Wildvögel zu töten ist in der griechischen Republik Zypern verboten. Wer bei der Vogeljagd erwischt wird, der muß zwischen 600 und 800 Euro zahlen. Dabei wären Strafen im fünfstelligen Bereich möglich, sogar mehrjährige Gefängnisstrafen. Die milden Strafen führen dazu, daß Vogeljäger einfach mehr Vögel jagen, um die Geldbuße wieder reinzubekommen. Von 2,3 Millionen getöteten Wildvögeln, die jeden Herbst das Mittelmeer mit Zwischenstation auf der Insel der Aphrodite überqueren wollten, gehen Vogelschützer aus. Die große Zahl der getöteten Tiere ist nur durch die Jagd mit Netzen möglich, die ausgelegt werden. Singvögel verfangen sich in den Netzen, zappeln bis zur Erschöpfung, werden getötet und in Eimern eingesammelt. Von der Vogeljagd sind Vogelschützern zufolge mehr als 150 Vogelarten betroffen, von denen 78 auf der EU-Liste gefährdeter Arten stehen sollen.

Wäre es nicht effektiver, dort anzusetzen, wo die Vogelbestände am meisten dezimiert werden?

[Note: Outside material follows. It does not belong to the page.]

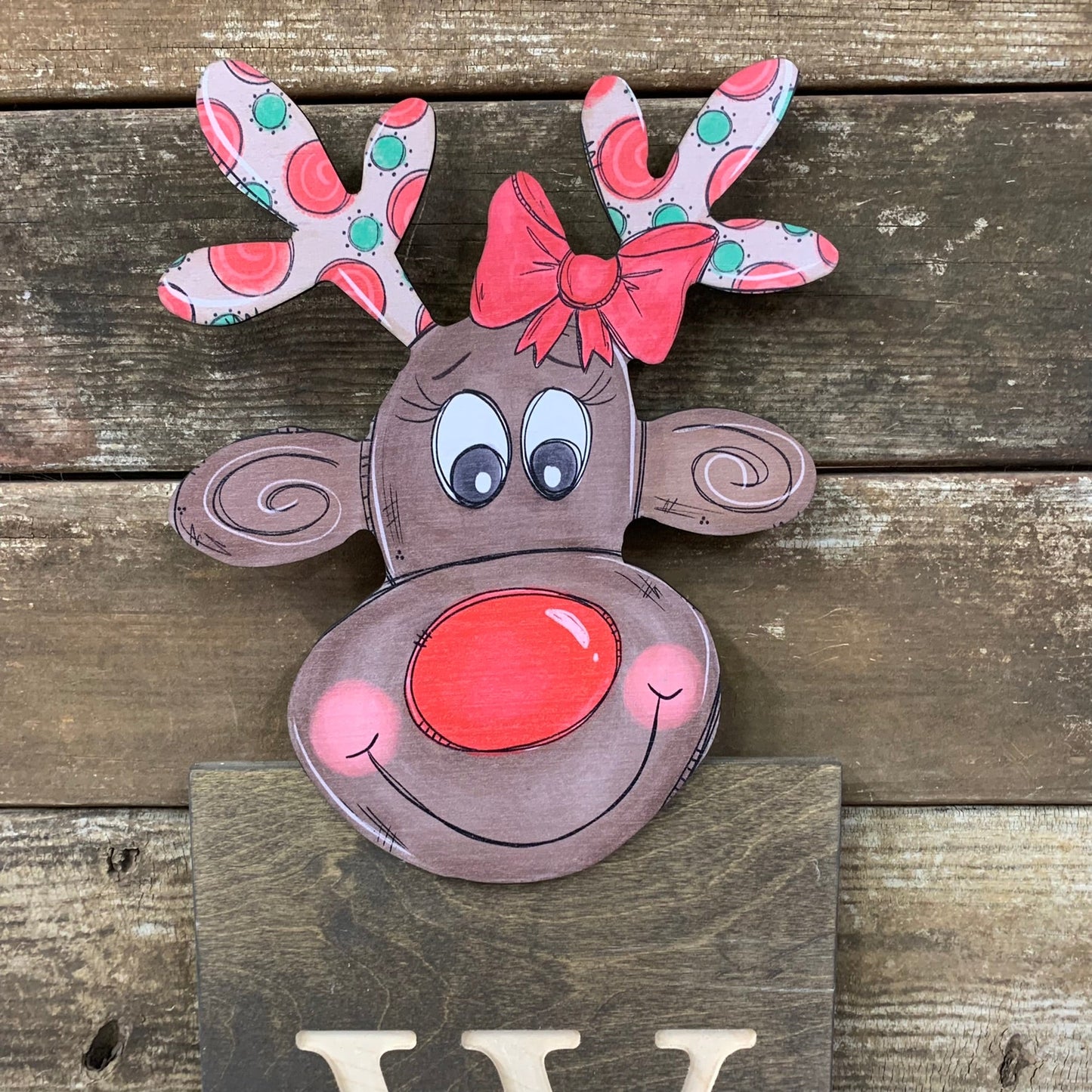 Reindeer Topper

In Restaurants und Tavernen können Nachtigallen, Mönchsgrasmücken, Bienenfresser, Rotkehlchen, Weidenlaubsänger und Singdrosseln gegessen werden. Sie stehen nicht auf der Speisekarte, sondern werden unter der Hand angeboten – das unter Einheimischen aber rege. Die Situation ist absurd: Da werden Vögel im Mittelmeerraum massenhaft getötet. Auf der anderen Seite werden in der EU Vogelschutzprogramme aufgelegt und Schutzgebiete ausgewiesen. Für den Bienenfresser etwa werden in den Rebbergen des Kaiserstuhls ganze Hänge für einzelne Exemplare hergerichtet. Wäre es nicht effektiv, dort anzusetzen, wo die Vogelbestände am meisten dezimiert werden? Geltendes Recht nur so umzusetzen, daß die Wilderer gut damit leben können, ist ein Skandal, den die EU auch als solchen behandeln müßte. Das Ethos Europas, wo ist es in der EU nur geblieben?